Due to the rarity of this entity, there are no studies that contain sufficient evidence to standardize treatment. There are only case reports of this condition in the literature, the largest of which includes eight patients using oral anticoagulation.29

The appearance as acute obstructive abdomen may lead to operative treatment, although the use of US and CT in diagnosis has contributed to changes in conduct. Surgical exploration, which was previously used as a diagnostic method, has now become primarily a treatment method reserved for cases with complications that include intra-abdominal hemorrhage, suspected ischemia with or without perforation and peritonitis due to diagnosis doubt or to late complications. Clinical treatment should be instituted in the absolute majority of cases.

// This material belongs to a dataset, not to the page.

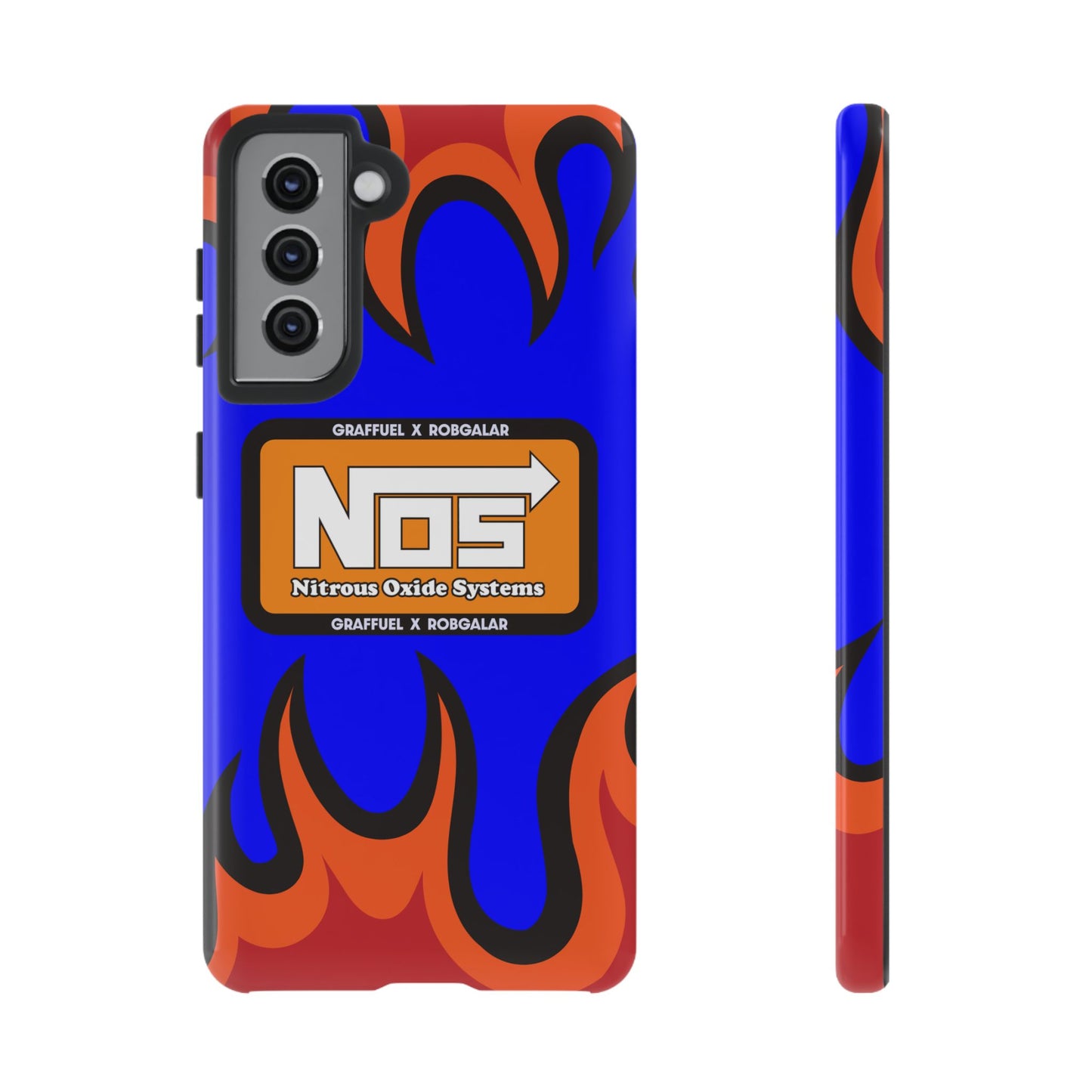 NOS FLAMES GRAFFUEL Phone Cases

The first measure is the immediate suspension of oral anticoagulants, and when possible, of medications used to enhance anticoagulation. Clinical treatment consists of gastric decompression in the presence of vomiting, the correction of electrolyte disturbances, vitamin K administration and the transfusion of fresh frozen plasma and blood when indicated. Total parenteral nutrition may be necessary in cases of prolonged fasting. In this review, we found one case treated with prothrombin, proconvertin, factor X and globulin B anti-hemophiliacs and heparin.30

In cases where there are no complications and surgery is unnecessary, resolution tends to occur within a few days. The recurrence of bleeding, as well as late sequelae such as stenosis, is unusual. Death during the presence of an intramural hematoma has occurred as a result of secondary complications such as digestive hemorrhage due to ulcer.28



Given the rarity of cases and the high incidence of painful and obstructive abdominal syndromes caused by highly prevalent affections often seen in emergency services, the diagnostic possibility of spontaneous intestinal intramural hematoma should be remembered when there are indications suggesting coagulation or other hemorrhagic manifestations, mainly in patients who use oral anticoagulants. Non-invasive investigative methods offer high accuracy, permitting the adoption of clinical procedures that avoid unnecessary surgery, with complete resolution of the condition in a short period in nearly 100% of cases.